They were married, and instantly began to make their preparations for departure. Emily took none of her nicer articles of housekeeping, nothing in the shape of furniture but a small looking-glass, saying that there was no room or use for them in the camp; and as they were not going west of the mountains, and James had a birch, and could come down the river, they could get them when they had more room and it was needful; that what she wanted most of all were her tools and necessary things. And she carried not only the fixtures for a loom, but the loom itself, wool, flax, dye-stuffs, wheels to spin flax and wool, cards, warping-bars, a quill-wheel, reels, a flax-comb, a Dutch-oven, plenty of pots and kettles, but one large pewter platter, three pewter plates and two earthen mugs; three milkpans, and a churn and milk-pail and skimmer, and two good beds; not a chair, nor even a chest of drawers. But as the wagon was of great size, and the team strong, they were able to carry an abundance of the implements that would enable them, as they were possessed of both brains and hands, to manufacture these other conveniences and comforts, and be really independent. James did much after the same fashion, taking a good stock of carpenter’s tools, some cooper’s tools, a brick trowel, horse-nails, and a shoeing-hammer, harrow-teeth, the irons and mould-board of a plough, and the iron fixtures, and the tools pertaining to a lathe.
“Mother,” said Bertie, “they are just alike; isn’t it queer? They want to take the same things; it’s all tools with ‘em both. James hasn’t taken hardly anything but tools, except books.”
“That is because they are both gifted with common sense, and mean to be comfortable, and not to make a failure of it.”

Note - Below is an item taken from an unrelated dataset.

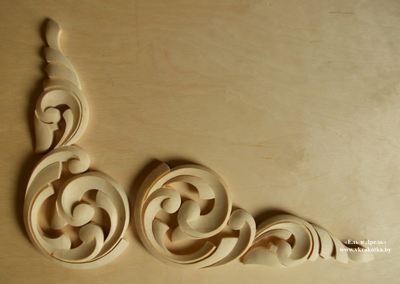 Набор резьбы по дереву для киота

James bought four oxen that measured six feet nine inches in girth. Mr. Conly gave his daughter a cow, and Mrs. Whitman gave James another, and Maria gave him six sheep. James had the cows and oxen shod, put the cows in a yoke, and fastened them behind the wagon.
When Mr. Whitman asked James why he preferred to move with oxen, when he was so fond of horses and was accustomed to handling them, he replied: “On the score of economy;” that he had bought a pair of oxen for what the harnesses of two horses would have cost him, and the four for what two good horses would have cost, and then had more strength; that there was not much difference in the rate of travel, on a long road, between oxen and horses when they were both heavily loaded; and as he should not at first have a great deal of hay and grain, oxen could be kept on browse much better than horses; that he could make yoke and bows and all the gear for oxen himself, and if he wished could, at any time, sell the oxen for beef and buy horses when better able to keep the latter; and, finally, if like to starve, could eat them, and thus had one winter’s provision in possession.
Bertie insisted upon going with them, and driving the team as far as Shamokin, while James rode on old Frank with his wife behind him on a pillion.
When they parted, Bertie said,—
“You needn’t be surprised to see me up there on a piece of land. I don’t mean to stay at home; and if you’ll let me stay with you, I may buy a piece of land, and come up there and work on it.”
“Then you had better keep right on with us,” said Emily, “for I have no doubt you have some one in view for a future housekeeper.”
“No, truly, the fact is, I like all the girls so well that I can’t like any one to pick her out. I romp with ‘em, quarrel with ‘em, and then make up, and they are all just like sisters. Expect I must go among strangers to get one; but if I thought I’d got to go through such a tribulation, and suffer so much as James did in getting you, I never would undertake it.”